Blogging Towards Sunday
This week's portion of the Sermon on the Mount is all about practicing what Jesus preaches. It's about doors and roads, city gates and wolves in sheep clothing, good fruit and rotting messes. Traditionally I've heard that this passage is articulating the need and challenge of salvation, that few will know God's heart and choose Jesus as Savior. I think it's much deeper, tricker and stickier than that boundary-enducing evangelical language would lead us to believe. I think Jesus is talking about the city gates through which you have to enter in order to move from not being in the city, to being in the city. Jesus lived in Roman times. The Empire was know for its power, profits and pax (peace). The Romans built roads everywhere, and new cities surrounded with protective walls. It's what made the empire work and be so profitable. When you traveled into or from a city, you couldn't help but remember what Empire you lived in. Everywhere you turned you saw signs and symbols of the Romans' militry might and economic power (or oppression, depending upon your place in society). Jesus is challenging that, saying that we're called to live in and from the Kingdom of God. A hard choice. An existential choice that has to be made personally and lived out communally. A choice that implies an alternative identity, a counter-cultural daily life, a radical inter-dependence, a new passport. That's what's hard about it, not that few are saved. Rather it's that few want to make that difficult yet life-transforming and sustaining choice to follow Jesus, which necessarily implies producing good fruit through living as Jesus lived.

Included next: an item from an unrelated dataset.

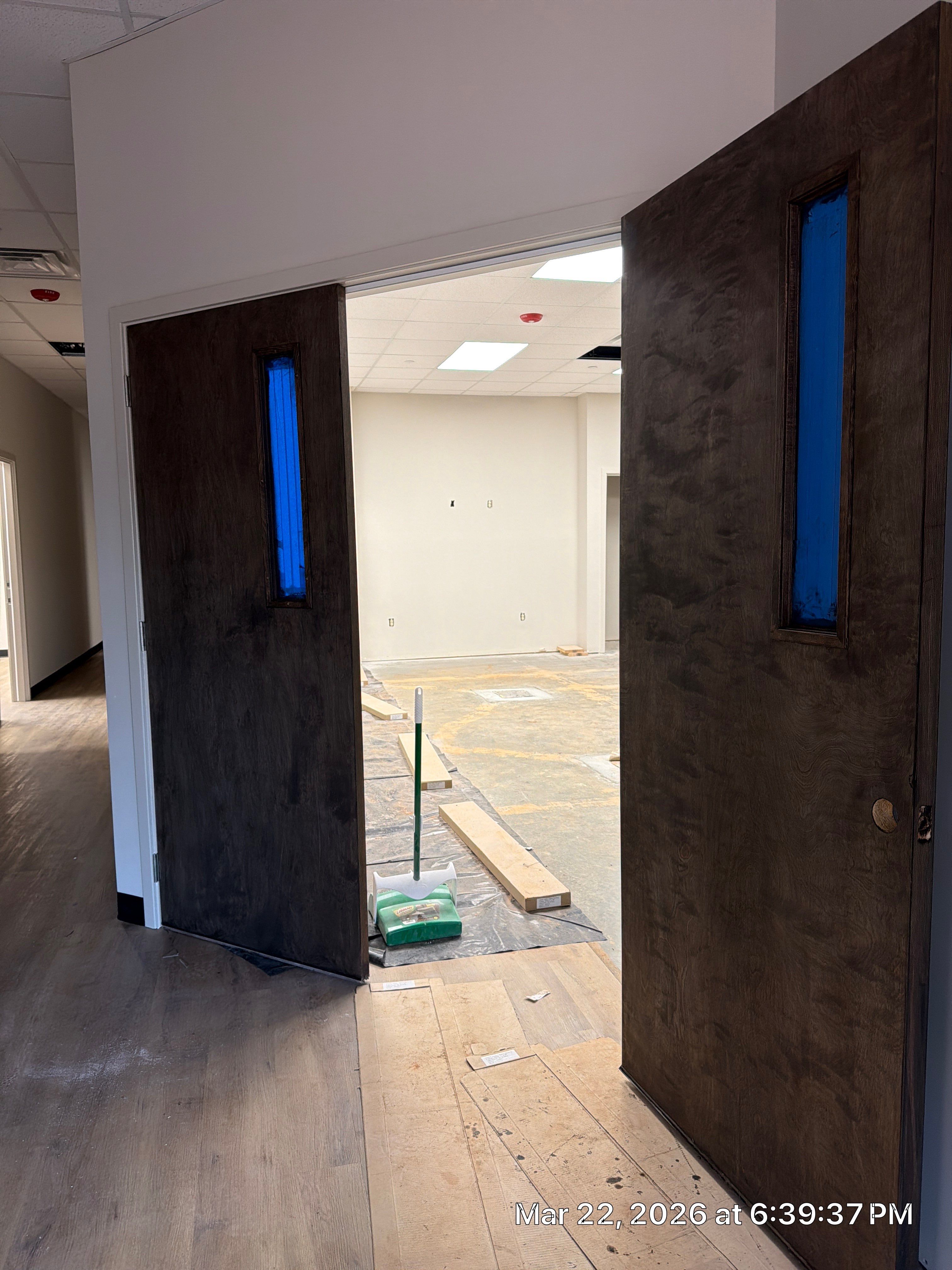 Solid Rock Church Expansion – Social Circle, GA by PGP Surface Solutions, LLC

In our age today I wonder how often we actually hear about this? A friend sent me a blog [link] that talks a bit about this in terms of Proposition 8 that passed in yesterday's election. It doesn't matter so much what you thought about the proposition, I include the link because it's a challenge to all those who claim to follow Jesus. Who are we following - the empire o? How are we following - as radicals or as ordinaries? Are we being genuinely honest about it?